Boosting implementation backs through graph a second time

I have been trying to implement an adaboost implemenation for training a simple multi-layer perceptron (in the code below, 10 models).

The model loop executes fine the first time, but in the second loop after the first epoch an errror is thrown ;

RuntimeError: Trying to backward through the graph a second time, but the buffers have already been freed.
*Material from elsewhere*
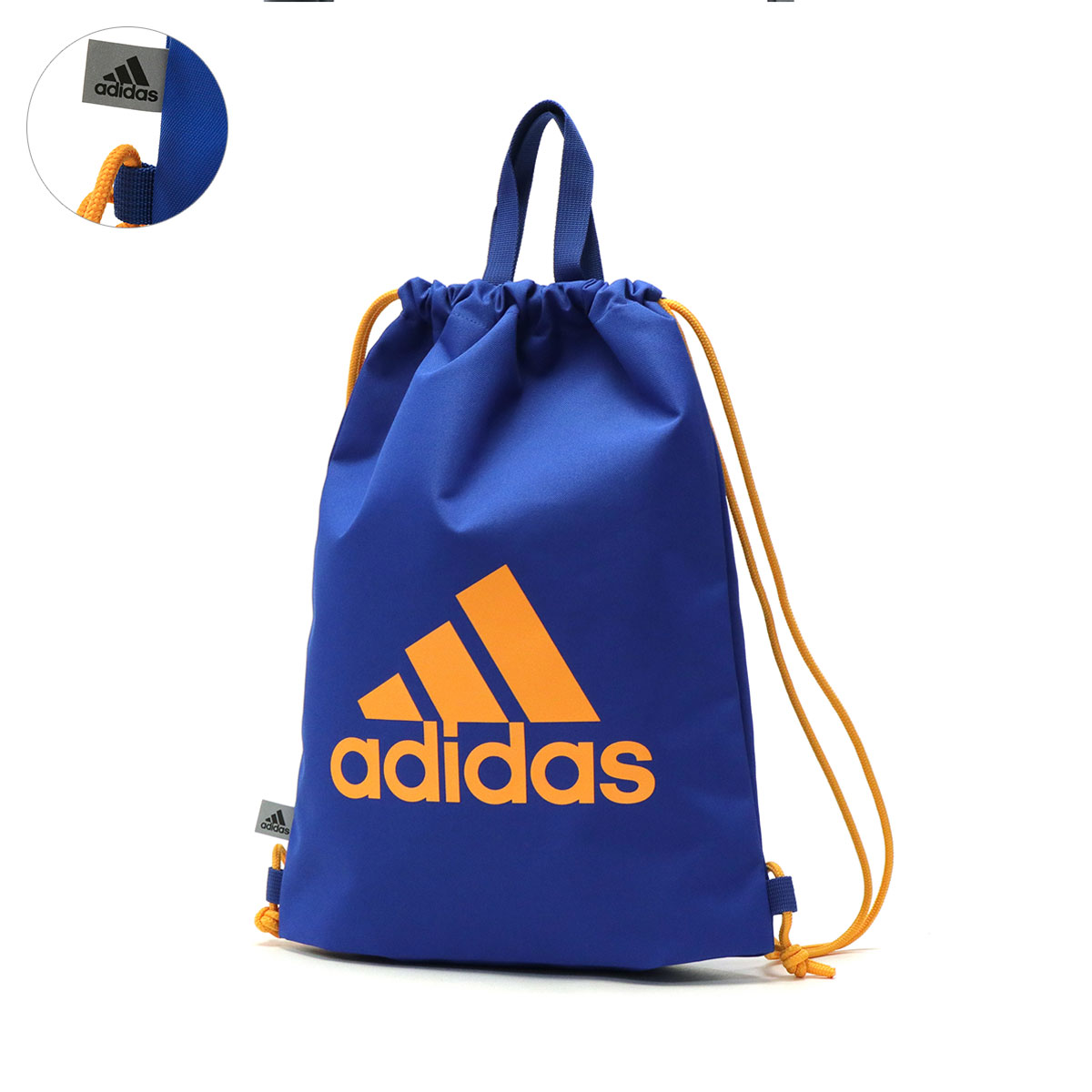 最大31%★5/15限定 アディダス ナップサック 小学校 スポーツ adidas キッズ キッズリュック トート ハンドル 巾着 バッグ A4 軽量 男の子 女の子 2WAY 63542｜galleria-store｜07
Specify retain_graph=True when calling backward the first time.

The problem seems to come from the line:

w_dp = rboost_nn.do_reweighting(w_dp)

which is the method required to re-weight the datapoints to modify the loss of the next model:

    def do_reweighting(self,dpw):

        new_dpw = torch.zeros_like(dpw,requires_grad=False)
        prev_batch_size = 0

        for idx,batch in enumerate(train_loader):
            
            base = idx*prev_batch_size
            end = base + len(batch)
            prev_batch_size = len(batch)

            data_batch = batch[:,:32]
            classes_batch = batch[:,-1]
            signed_classes = torch.sign(classes_batch-0.5)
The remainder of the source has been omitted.